Database giant Oracle India was late to enter the cloud, but is making up with an aggressive strategy of product range and end-to-end solutions.

Shailender Kumar, Managing Director, Oracle India, said the company has transformed itself in the last few years and is focussing on growing its cloud network.

Oracle launched cloud services in 2012, later than its peers Amazon Web Services in 2006 and Microsoft Azure in 2010. Though a late entrant, the company is catching up by offering new products and initiatives such as autonomous cloud, data centres and increased focus on smaller businesses.

Oracle recently launched a cloud platform with autonomous services, claiming it to be the first-of-its-kind solution. After the initial configuration, there is no need for human intervention. It is self-driving, has intelligent cyber threat detection and remediation mechanism and self-repairing capabilities.

With its autonomous transaction processing capabilities, which eliminates the need for either tuning or maintenance of critical data, it results in significant cost savings, reduced risk and accuracy.

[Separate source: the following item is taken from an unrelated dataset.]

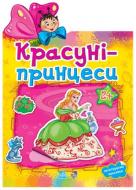 Книга «Красуні - принцеси» 978-966-31-3037-8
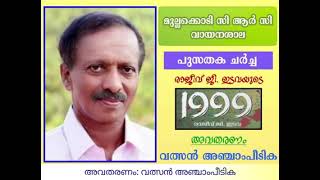 രാജീവ് ഇടവയുടെ '1999, നോവൽ ചർച്ച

“In India, we already have 50 consumers who are using the product. We expect the number to grow in the coming months,” Kumar said.

Oracle announced that a data centre is in the offing to cater to the huge consumer demand in the country. Cloud-users have grown to 15,000 in the country. “Data centre is a work in progress and is expected to launch within a year,” Kumar said.

Oracle Digital Prime (ODP) was launched last year in India with a focus on selling Oracle cloud technologies and services to small and medium businesses including start-ups. According to Kumar, “There are 51 million small and medium businesses in the country and it presents a huge opportunity.” “There are currently 300 people working in ODP. As the customer base expands, we will expand the team as well,” Kumar added.

Oracle India announced a new facility in Bengaluru at an investment of $400 million to consolidate the workforce in India. Of the 1.5 lakh Oracle employees, 40,000 are from India. Kumar said the facility, the second largest for Oracle outside San Francisco, will be operational by 2019. It can accommodate 10,000.